AIM OF THE EXERCISE => From first line to last, retype the data exactly.

STUDY MATERIAL =>

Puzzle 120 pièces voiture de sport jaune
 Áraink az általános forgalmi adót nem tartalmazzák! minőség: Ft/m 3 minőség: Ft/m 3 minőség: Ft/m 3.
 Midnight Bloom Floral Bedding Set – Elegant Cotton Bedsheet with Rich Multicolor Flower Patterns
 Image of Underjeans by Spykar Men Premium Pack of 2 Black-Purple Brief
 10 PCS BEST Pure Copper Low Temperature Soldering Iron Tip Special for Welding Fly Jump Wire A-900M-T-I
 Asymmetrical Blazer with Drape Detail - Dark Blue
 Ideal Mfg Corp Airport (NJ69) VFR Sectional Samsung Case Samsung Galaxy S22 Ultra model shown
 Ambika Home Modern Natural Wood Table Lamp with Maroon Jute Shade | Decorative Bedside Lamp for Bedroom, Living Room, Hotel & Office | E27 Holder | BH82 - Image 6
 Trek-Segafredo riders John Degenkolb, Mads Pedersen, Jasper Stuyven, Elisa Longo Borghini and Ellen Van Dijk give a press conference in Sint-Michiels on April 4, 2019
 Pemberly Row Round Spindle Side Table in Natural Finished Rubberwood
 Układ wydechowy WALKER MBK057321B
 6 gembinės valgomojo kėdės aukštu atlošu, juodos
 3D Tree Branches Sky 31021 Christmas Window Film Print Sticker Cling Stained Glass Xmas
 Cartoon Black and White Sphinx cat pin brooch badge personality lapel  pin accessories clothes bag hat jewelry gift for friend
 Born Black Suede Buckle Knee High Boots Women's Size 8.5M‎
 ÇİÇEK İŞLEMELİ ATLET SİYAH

RESULT =>
Puzzle 120 pièces voiture de sport jaune
 Áraink az általános forgalmi adót nem tartalmazzák! minőség: Ft/m 3 minőség: Ft/m 3 minőség: Ft/m 3.
 Midnight Bloom Floral Bedding Set – Elegant Cotton Bedsheet with Rich Multicolor Flower Patterns
 Image of Underjeans by Spykar Men Premium Pack of 2 Black-Purple Brief
 10 PCS BEST Pure Copper Low Temperature Soldering Iron Tip Special for Welding Fly Jump Wire A-900M-T-I
 Asymmetrical Blazer with Drape Detail - Dark Blue
 Ideal Mfg Corp Airport (NJ69) VFR Sectional Samsung Case Samsung Galaxy S22 Ultra model shown
 Ambika Home Modern Natural Wood Table Lamp with Maroon Jute Shade | Decorative Bedside Lamp for Bedroom, Living Room, Hotel & Office | E27 Holder | BH82 - Image 6
 Trek-Segafredo riders John Degenkolb, Mads Pedersen, Jasper Stuyven, Elisa Longo Borghini and Ellen Van Dijk give a press conference in Sint-Michiels on April 4, 2019
 Pemberly Row Round Spindle Side Table in Natural Finished Rubberwood
 Układ wydechowy WALKER MBK057321B
 6 gembinės valgomojo kėdės aukštu atlošu, juodos
 3D Tree Branches Sky 31021 Christmas Window Film Print Sticker Cling Stained Glass Xmas
 Cartoon Black and White Sphinx cat pin brooch badge personality lapel  pin accessories clothes bag hat jewelry gift for friend
 Born Black Suede Buckle Knee High Boots Women's Size 8.5M‎
 ÇİÇEK İŞLEMELİ ATLET SİYAH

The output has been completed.